**TASK DESCRIPTION**
Pick out all lines of the entries that include the word "records" and copy them.

**SOURCE INFORMATION**
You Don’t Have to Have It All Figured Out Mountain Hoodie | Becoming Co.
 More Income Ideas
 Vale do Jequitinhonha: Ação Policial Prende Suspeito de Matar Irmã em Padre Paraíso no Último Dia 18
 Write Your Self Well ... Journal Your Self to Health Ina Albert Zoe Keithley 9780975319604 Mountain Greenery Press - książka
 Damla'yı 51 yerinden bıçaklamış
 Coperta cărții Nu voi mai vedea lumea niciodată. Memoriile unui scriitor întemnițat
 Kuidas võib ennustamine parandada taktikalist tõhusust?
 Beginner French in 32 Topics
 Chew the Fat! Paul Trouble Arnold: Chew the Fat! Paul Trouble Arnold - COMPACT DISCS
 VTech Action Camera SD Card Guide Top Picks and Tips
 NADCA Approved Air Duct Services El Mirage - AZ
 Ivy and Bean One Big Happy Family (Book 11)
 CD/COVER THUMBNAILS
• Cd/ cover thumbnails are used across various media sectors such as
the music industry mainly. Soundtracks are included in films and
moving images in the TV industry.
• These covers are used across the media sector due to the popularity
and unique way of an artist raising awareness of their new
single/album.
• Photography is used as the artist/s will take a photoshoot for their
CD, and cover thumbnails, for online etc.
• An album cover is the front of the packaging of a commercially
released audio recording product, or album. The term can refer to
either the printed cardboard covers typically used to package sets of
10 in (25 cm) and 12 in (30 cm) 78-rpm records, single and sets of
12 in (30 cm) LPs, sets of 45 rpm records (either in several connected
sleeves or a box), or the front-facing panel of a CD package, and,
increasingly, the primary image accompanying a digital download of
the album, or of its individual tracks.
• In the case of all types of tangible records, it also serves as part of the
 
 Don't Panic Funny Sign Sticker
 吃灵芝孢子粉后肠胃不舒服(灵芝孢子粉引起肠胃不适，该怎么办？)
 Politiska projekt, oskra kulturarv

**ANSWER AREA**
10 in (25 cm) and 12 in (30 cm) 78-rpm records, single and sets of
12 in (30 cm) LPs, sets of 45 rpm records (either in several connected
• In the case of all types of tangible records, it also serves as part of the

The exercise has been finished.